You are recounting the facts correctly, but what is your point? What you recount confirms what I said: same as BG and BG2 back in the day, same as Witcher 3 in 2015, same as Crusader Kings II, BG3 succeeds on the back of two main advantages: more accessible than before, higher production values.
DAO: Inquisition and Mass Effect had much much more production values than prequels and much more accessible, with heavy marketing. It didn't save them. Production values alone cannot make a good game - studio team is what matters. Owlcat managed to make Pathfinder into a decent RPG with meager resources but a ddgood creative team.
There has to be something solid to start with that you then make more accessible and as you continue down that road eventually that solidity disappears and accessibility is all that remains. No one seems to be able to strike that balance.
I think accessibility is key when it comes to normies but i agree you also need a decently substantial base to start with, which both BG1/2 had, and BG3 may or may not have (i'll find out as i go along i guess).
Accesssibility also comes in many forms. I think Torment was more accessible than Pillars of Eternity despite the fact both games were too overburderning for the average normie on account of their attempt at "deconstructing" the standard fantasy tropes normies tend to gravitate to (normies in general want an easy going escapism, they don't want to be "challenged" or be forced to step out of their comfort zones) because while Pillars was dry and prosaic, Torment was poetic and thus easier to absorb and come to terms with.

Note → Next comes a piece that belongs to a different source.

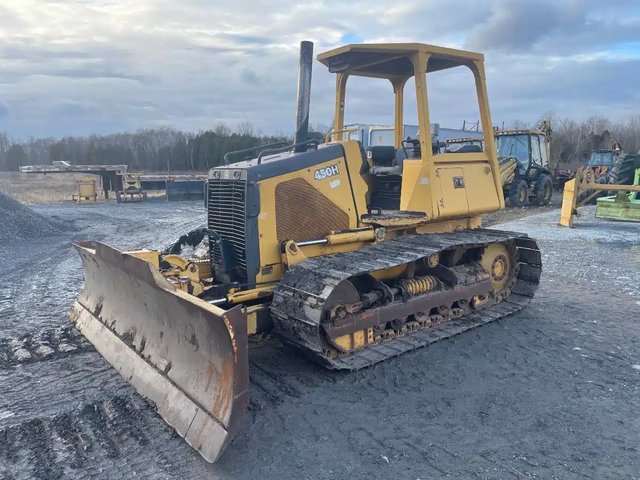 John Deere 450H Bouteur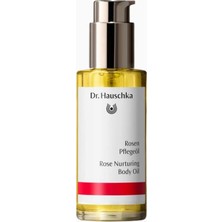 Dr. Hauschka Dr Hauschka Rose Nurturing Vücut Yağı, Besleyici ve Dengeleyici, Hassas Ciltler Için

Ultimately, i think the fallacy the industry seems to be running on is that they think that because normies want stuff that is easy going and untroubling or unstressful (which means "standard" fantasy settings will always be more popular than alternative ones), they are automatically assumed to be completely braindead, which is not necessarely the case. I think normies can also recognize good design when they see it. In this sense, "production values" that are purely in the service of the presentation can often miss the mark. Blizzard of old had high production values that were in the service of accessibility. The gameplay in their games was more fluid and intuitive than the competition, their systems were easy and immediate to get into despite being difficult to master in the long run, which i'm sure helped a great deal in making their games so massively popular.
Of course, i'm sure the industry people will not learn shit by the success of this game and will continue with their old assumptions, that isometric games don't work, that turn based combat doesn't sell, that the less substance a game has, the easier it is to get into and so forth. I fully predict BG3 will make no actual impact and AAA gaming companies will continue to produce their worthless slop.